# Exercise aim
Among the entries below, copy only the span from the line containing "Cardcaptor Sakura Blossom" through the line containing "Glaceon V Pokémon card #175". Do so exactly, and skip the pictures.

# Records for this task
┏━━

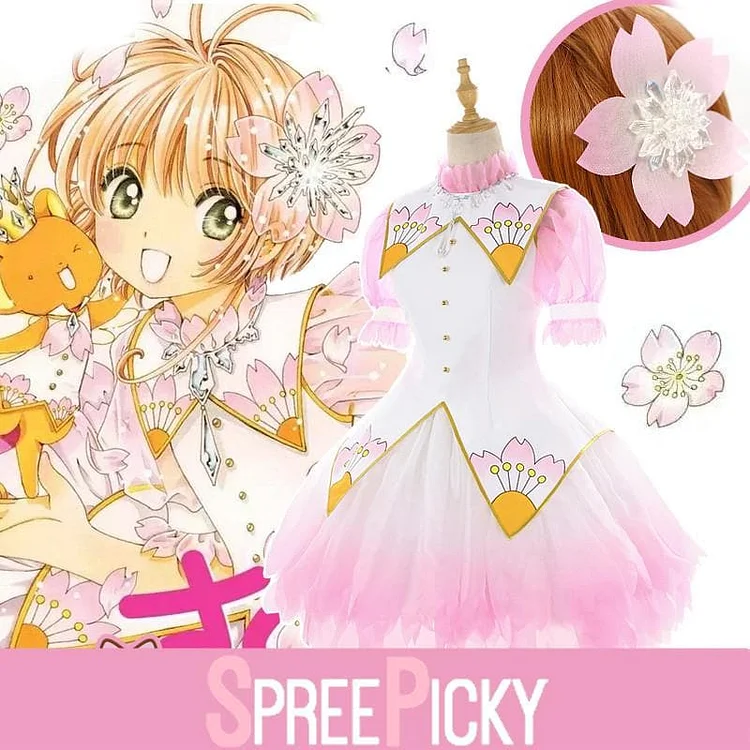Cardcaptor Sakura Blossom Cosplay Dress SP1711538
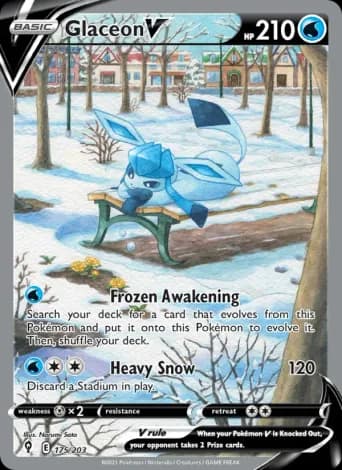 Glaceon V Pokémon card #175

┗━━
┏━━

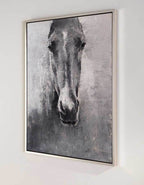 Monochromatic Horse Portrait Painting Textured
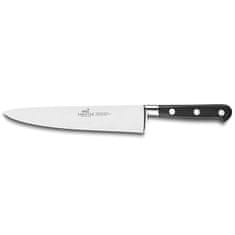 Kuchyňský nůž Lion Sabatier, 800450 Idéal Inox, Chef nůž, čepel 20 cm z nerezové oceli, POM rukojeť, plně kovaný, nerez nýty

┗━━
┏━━

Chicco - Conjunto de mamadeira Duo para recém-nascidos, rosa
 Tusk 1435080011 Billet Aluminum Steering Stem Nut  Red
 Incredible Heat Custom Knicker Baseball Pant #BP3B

┗━━

# Final answer
Cardcaptor Sakura Blossom Cosplay Dress SP1711538
 Glaceon V Pokémon card #175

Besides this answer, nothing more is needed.